I wasn't really trying to make a strong argument with these examples - they are just toy examples to accompany the issue as I see it. As I said in the original post, rowwise()
+ c_across()
have limitations in that they are too strict in some situations (i.e. c_across()

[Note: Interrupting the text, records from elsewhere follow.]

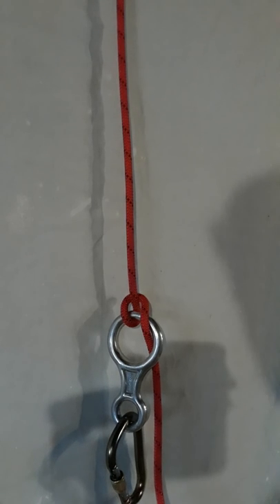So there you have it — 11 different ways of setting up a figure-8 descender in order to rappel. Some are quicker, some are slower, some are more efficient, some less so, but people should know how highly versatile a figure-8 descender actually is. Thank you for watching and hope to see you soon.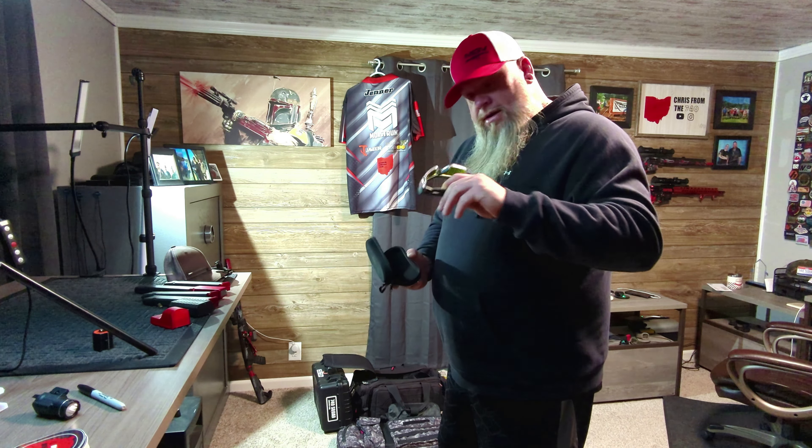Last but not least — shoes are a huge deal in USPSA. These are the Salomon Speed Cross with the quick-fit wire laces. If you look at the bottom, they have super aggressive cleats. We shoot in a lot of gravel, dirt, and mud, and these are one of the best pairs of shoes you can buy for USPSA. They're around $100 to $120 — well worth the money and super comfortable too with OrthoLite pads inside. These things just dig in and give you traction, and you've got to make a lot of quick movements and quick turns in USPSA. Definitely a must-have when it comes to shoes.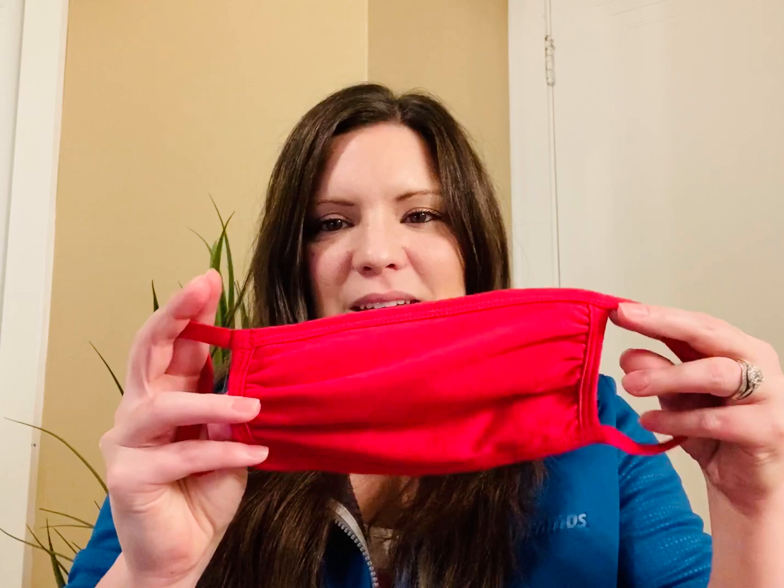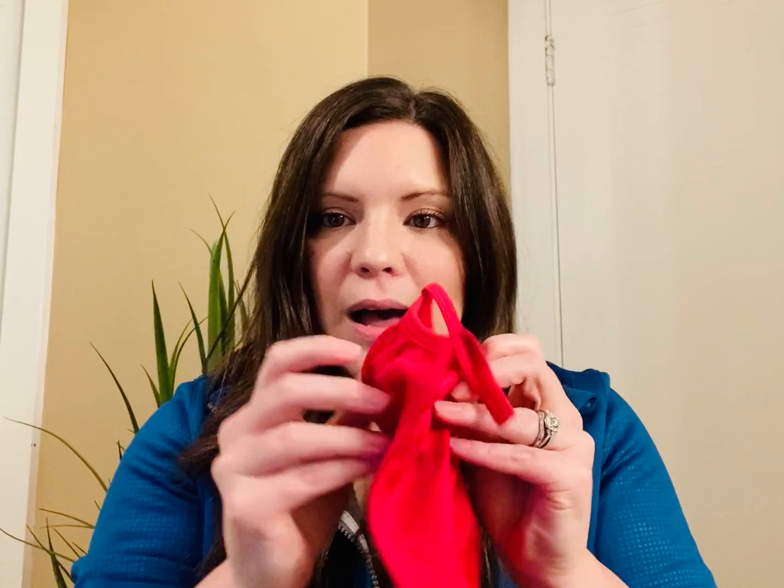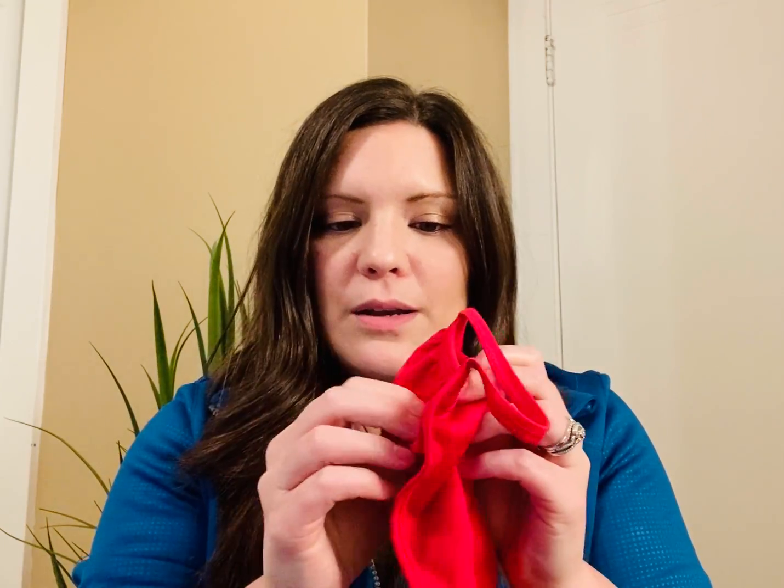This is the item we're going to be discussing. As I said, it is 100% cotton. It's actually constructed of four plies, so there's four layers of cotton in there.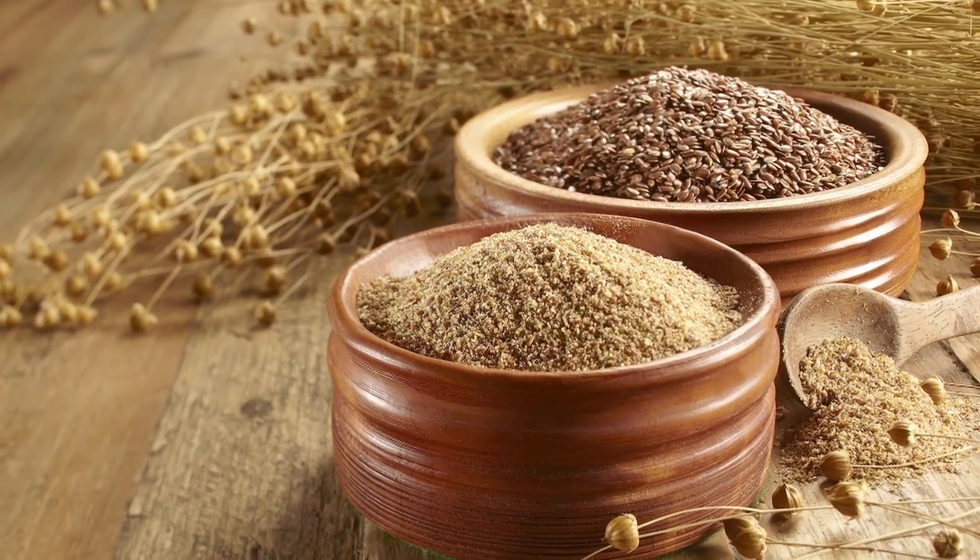Hi, I'm Bob Moore from Bob's Red Mill, and I'm here to tell you about whole grain flaxseed meal.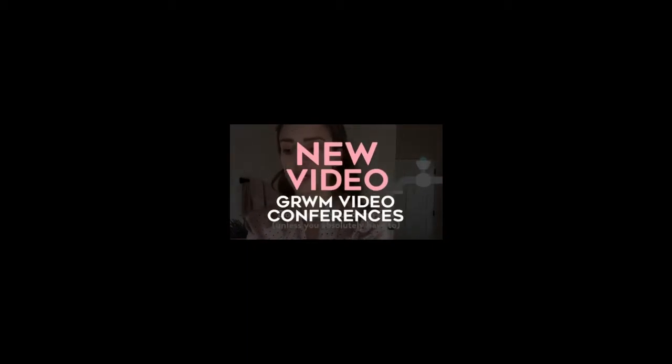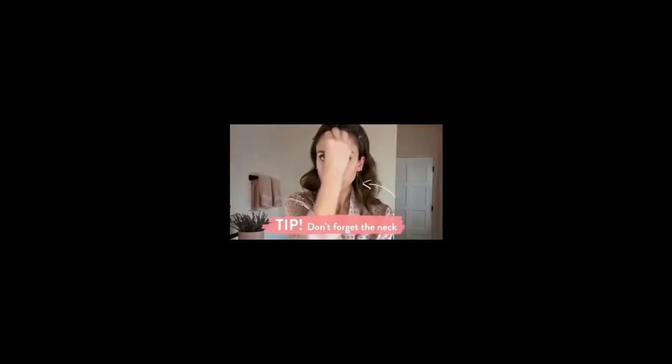First, wash your hands for 20 seconds — preferably before you touch your face. 20 seconds really does last a long time. And don't forget to get into that neck, you know, for all the selfies you'll be taking at home.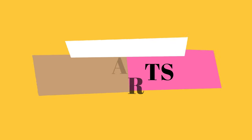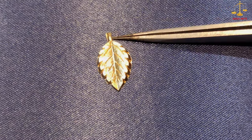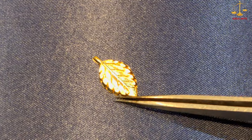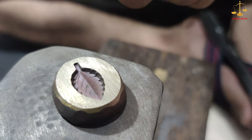Hello guys, welcome back to my channel. In today's video I'm going to show you how to make this gold leaf design. So let's start the video. This is the die which we are going to use to make the leaf design.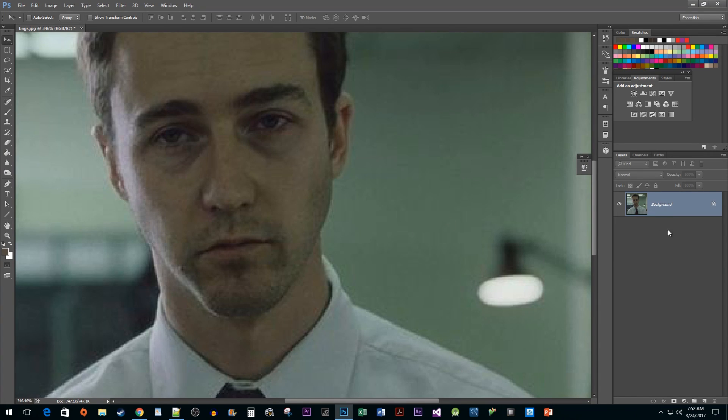To begin, let's duplicate our layers so that if we mess up we can always just delete the copy layer and start over. To do this, make sure your layer is selected and use the Ctrl+J keyboard shortcut.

tries to concatenate all the values into a single vector and thus must all be the same type).
Where c_across()
combines everything into a single vector, something like list_across()
would support tidyselect
semantics to make it easy to form lists that can be used with the suite of purrr
functionals.
One cannot be sure about the order of the columns selected using tidyselect, if the order of the column changes then the underlying function wouldn't be executed properly as the expected data type would be different. I think that's the reason in pmap
we have to manually type in all the input column names as a list. That's why I thought your examples aren't properly conveying the need for the list_across
, the function sum
takes only numeric types and paste
can take anything.
I see this is still open, so I'd like to offer a +1 for this idea! It would be very useful, e.g. for assembling API requests in a tidy format. Very often a request will combine different data types, and the order of elements in the list does not matter, so @mattwarkentin 's function would be very handy
I can't tell exactly what you want, but I think across()
is enough?
library(dplyr, warn.conflicts = FALSE)
df <- rnorm(10*10) |>
matrix(ncol = 10, dimnames = list(NULL, paste0("V", 1:10))) %>%
as_tibble()
df %>%
mutate(foo = purrr::pmap_dbl(across(V1:V5), sum))
#> # A tibble: 10 × 11
#> V1 V2 V3 V4 V5 V6 V7 V8 V9 V10
#> <dbl> <dbl> <dbl> <dbl> <dbl> <dbl> <dbl> <dbl> <dbl> <dbl>
#> 1 -1.26 -0.0704 -0.247 -0.177 0.583 -1.64 2.28 -0.466 0.359 -1.88
#> 2 -0.523 1.25 -1.53 -0.378 0.618 -0.709 0.319 0.409 -0.647 1.42
#> 3 1.15 -1.67 -0.133 0.768 -0.652 0.632 0.482 0.939 0.911 -0.713
#> 4 1.80 -0.0164 -0.703 0.504 2.30 -1.06 -0.207 0.444 -0.439 -0.943
#> 5 -2.24 1.22 -1.19 -0.193 0.814 -0.989 -0.193 0.107 0.0478 0.901
#> 6 -0.0350 -1.85 -1.28 0.324 0.725 0.334 1.30 -1.94 0.403 -2.44
#> 7 -0.884 -0.512 -2.07 -0.150 -1.07 1.20 -0.705 -0.850 0.183 -0.158
#> 8 0.378 -0.825 -0.674 0.283 -0.0989 1.05 -0.444 0.850 1.29 -0.189
#> 9 0.243 0.188 0.0643 -0.888 0.870 1.57 -0.780 0.409 0.778 0.173
#> 10 -2.02 -0.552 0.496 -0.899 -0.126 0.849 -1.62 1.11 -1.26 0.620
#> # … with 1 more variable: foo <dbl>
Created on 2022-08-24 by the reprex package (v2.0.1)
In general, we're becoming increasingly confident that NSE (like tidyselect) doesn't belong in purrr.